> **Image-caption web data**:
===

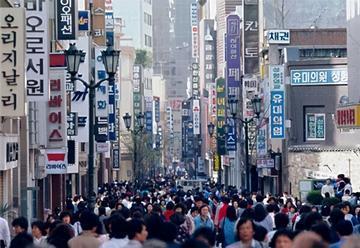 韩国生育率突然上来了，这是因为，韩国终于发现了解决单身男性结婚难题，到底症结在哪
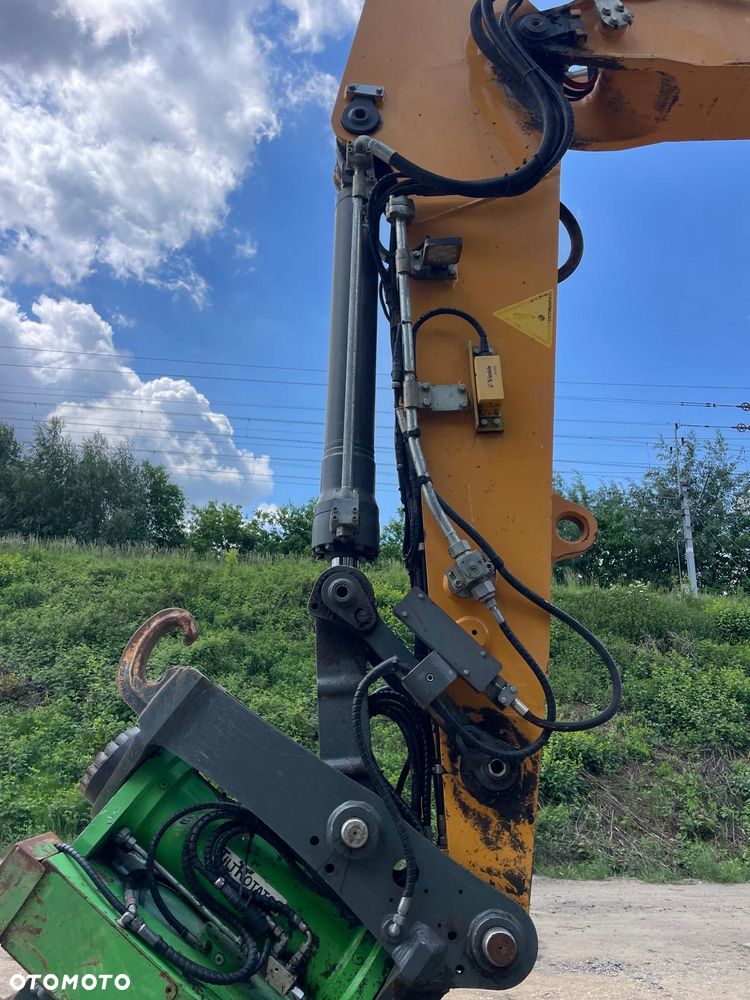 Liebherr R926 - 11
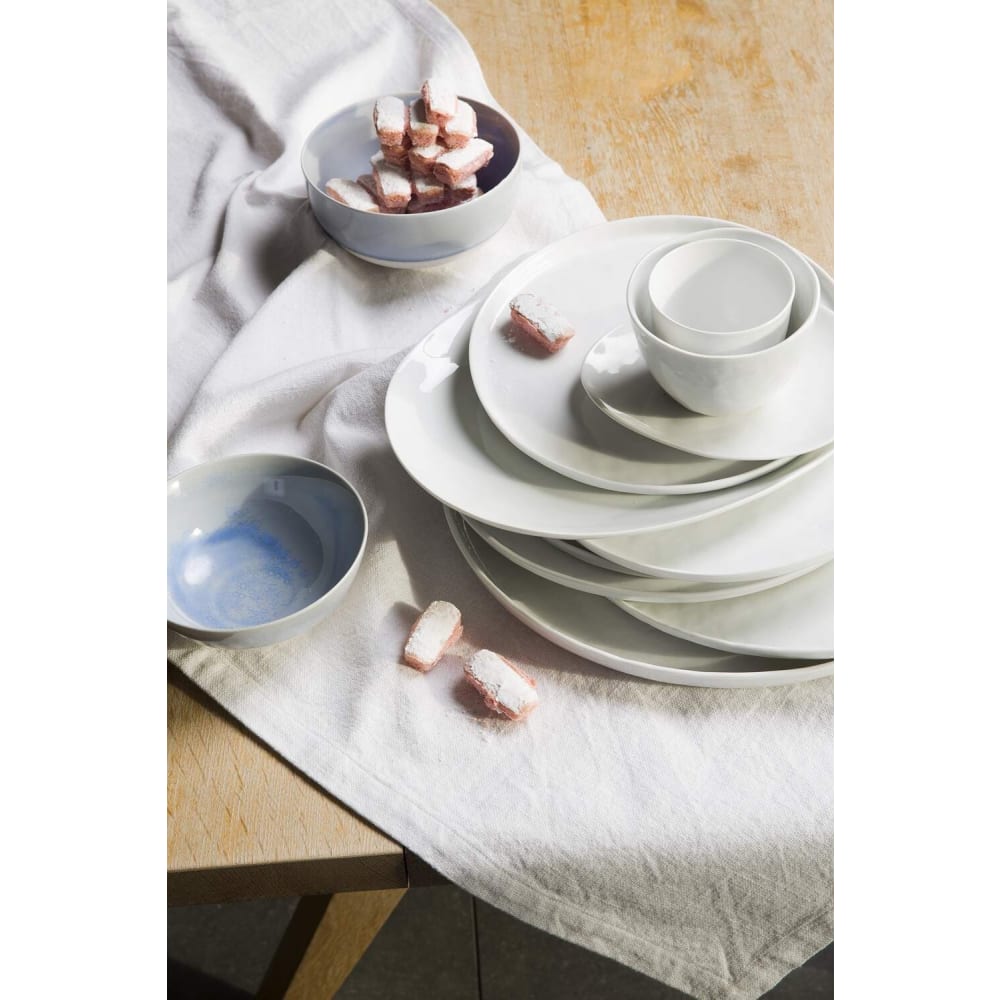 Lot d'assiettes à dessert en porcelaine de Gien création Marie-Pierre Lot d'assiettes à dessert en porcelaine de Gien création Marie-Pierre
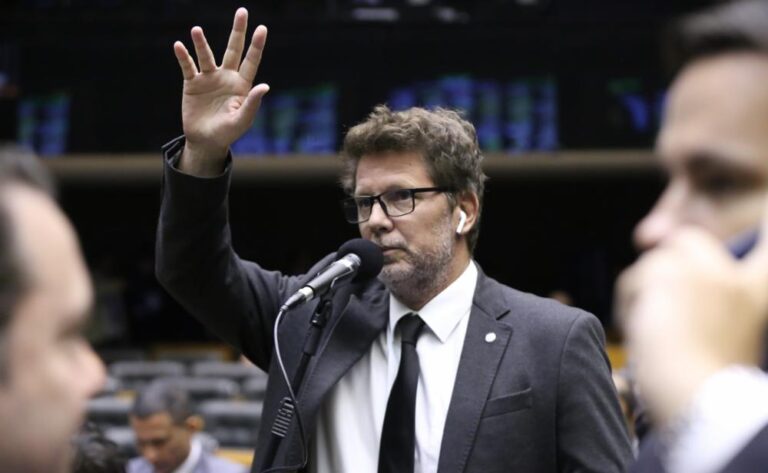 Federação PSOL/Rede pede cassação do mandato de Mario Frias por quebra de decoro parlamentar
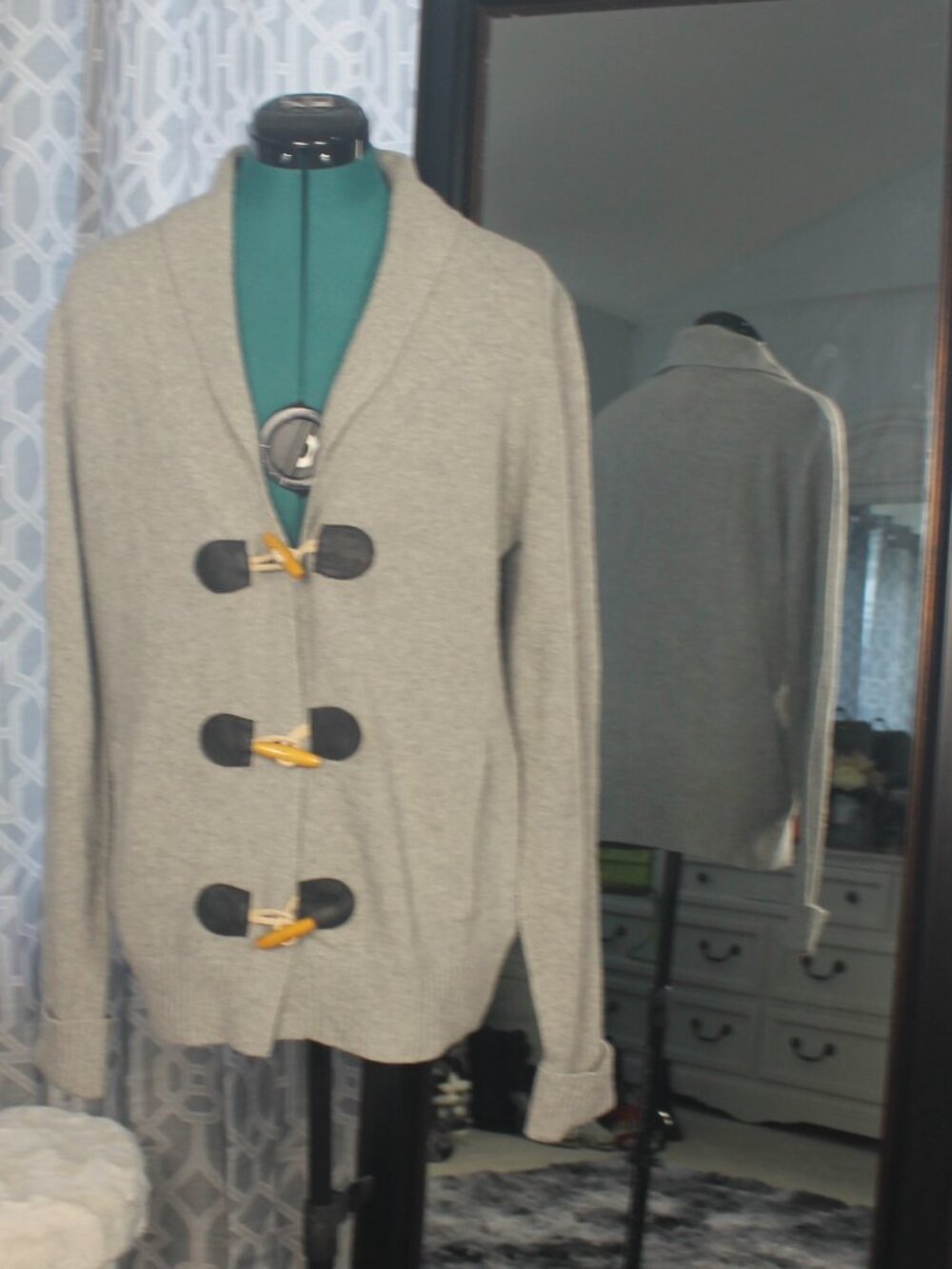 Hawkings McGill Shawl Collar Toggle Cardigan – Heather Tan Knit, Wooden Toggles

===

> **Problem statement**:
None of the pictures should appear; repeat the records exactly otherwise.

> **Response area**:
 韩国生育率突然上来了，这是因为，韩国终于发现了解决单身男性结婚难题，到底症结在哪
 Liebherr R926 - 11
 Lot d'assiettes à dessert en porcelaine de Gien création Marie-Pierre Lot d'assiettes à dessert en porcelaine de Gien création Marie-Pierre
 Federação PSOL/Rede pede cassação do mandato de Mario Frias por quebra de decoro parlamentar
 Hawkings McGill Shawl Collar Toggle Cardigan – Heather Tan Knit, Wooden Toggles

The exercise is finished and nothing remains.